Continuing with my thoughts on blending our families…..what you’ve all been waiting for – my faults and confessions.

Umm….

Err…..

Faults….faults….I know I have some around here somewhere…..

Let’s see….I have….umm…..

Shoot!  Where’s Hun when I need him?  He’ll be able to list all of my faults for me without even blinking an eye….

Okay, okay – my faults:

I never think I am wrong and I have a hard time admitting it when I am when it comes to my family.  I can admit fault at work all day long, but admitting that I just royally screwed up to the kids or to Hun – that makes me want to gouge my eyes out.  But, I do it when I realize I am wrong.  I suck it up and make my apologies, even if I dread every word coming out of my mouth.  I have to realize I’m wrong though.  People have to either point out the subtle mistakes to me or the mistake was so egregious and blatant that I cannot ignore it on my own.

Of course, this also means I am passionate about my beliefs.

I am a perfectionist.  Not only do I expect myself and everything I touch to be perfect, I sometimes have a hard time not expecting the same from other people.  Sometimes the perfectionism in me will cause me to freeze up on actions I should be doing – if I can’t do it perfectly – why do it at all?  A certain bathroom remodel comes to mind here…..  If you don’t know what I’m referring to, maybe I’ll blog about it someday – not one of my finer moments – although it will be greatness when it is finally complete!

This means you can also count on me to do a good job at anything I set out to do.

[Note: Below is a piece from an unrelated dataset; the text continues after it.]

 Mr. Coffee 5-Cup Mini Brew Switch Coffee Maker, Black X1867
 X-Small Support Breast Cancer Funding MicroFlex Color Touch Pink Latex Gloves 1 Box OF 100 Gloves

I am judgmental.  I can be judge, jury and executioner without batting an eyelash.  If I feel I have all of the facts in front of me, attempting to change my mind without more facts that I was unaware of will be next to impossible.  Judge Judy is one of my heroes (yes, yes – I know it’s all a show – but I love her no-nonsense way of dealing with the people who present in front of her!).  Changing my mind is possible you just better do a good job of convincing me why it needs to be changed.

I don’t know if being judgmental is a good thing or a bad thing…the jury’s still out.  J

However, one of the biggest things I have struggled with as a step-mom is empathy for the bio-mom in my life – Jetsam.  I look at her life and cannot understand why she is where she is at.  I look at it from an outsider’s perspective and say, “If she’d only do this, that and the other, then her life would be so much better!”  I cannot for the life of me understand why she will not do the things I find so obvious or easy.  Things like the following:

  • Getting a GED.  She dropped out of high school in 10th grade and never went back.  Supposedly, she’s attempted to get her GED recently (within the last 10 years), but failed the course by 2 points or 2 questions – I can’t remember which.  So she gave up and never tried again.  WHAT?!?  If I had failed by 2 points, I’d have my butt right back in the testing chair and doing it again – not giving up and saying, “See!  I told you I couldn’t do it!”  See – lack of empathy to her situation makes me a bad person.
  • Staying in one place.  I totally understand the need to move if/when necessary, but this woman has moved somewhere in the neighborhood of 15-18 times in the last 10 years (I’ve lost count).  On average, she’s moved every 6-8 months.  To me, being stable will mean a stable job, stable home life, and stable family.  For whatever reason, she cannot stay in one place – but blames us for the inability to stay put.  Again – lack of empathy to her situation prevents me from understanding her reasoning.
  • Pulling the “she’s a single mom” card (she still has Flounder living with her full time).  However, she doesn’t receive child support for him – it’s not worth her time to file for it.  Hun and I have begged her to file for support; that it would make her life easier – at least there would be a record on file, even if she never receives a dime.  When she first lost custody of Hun’s kids, she also lost the child support she was receiving.  She tried to file for Flounder at that time, but because of our state laws, the state automatically named Hun as his father.  Since she knows Hun isn’t the father, she never bothered showing up for the hearing, since she didn’t show up, the state closed the case.  Hun was willing to do the paternity testing the state would have required – he was willing to jump through the state’s hoops – he showed up for the hearing.  It wasn’t worth her time to jump through the hoops the state set up to receive support – but it sure isn’t hard for her to blame us for all of her struggles.  There it is again – lack of empathy to her situation hinders me from understanding her motives.

There they are – all of my faults – at least the ones I’m willing to cop to.  All of these faults have hindered me in a step-family and as a step-mom in particular at one time or another.  However, I also contend that they have helped me as well. 

Judge me for yourselves.  Comments on anything that I blog is welcomed – including my faults.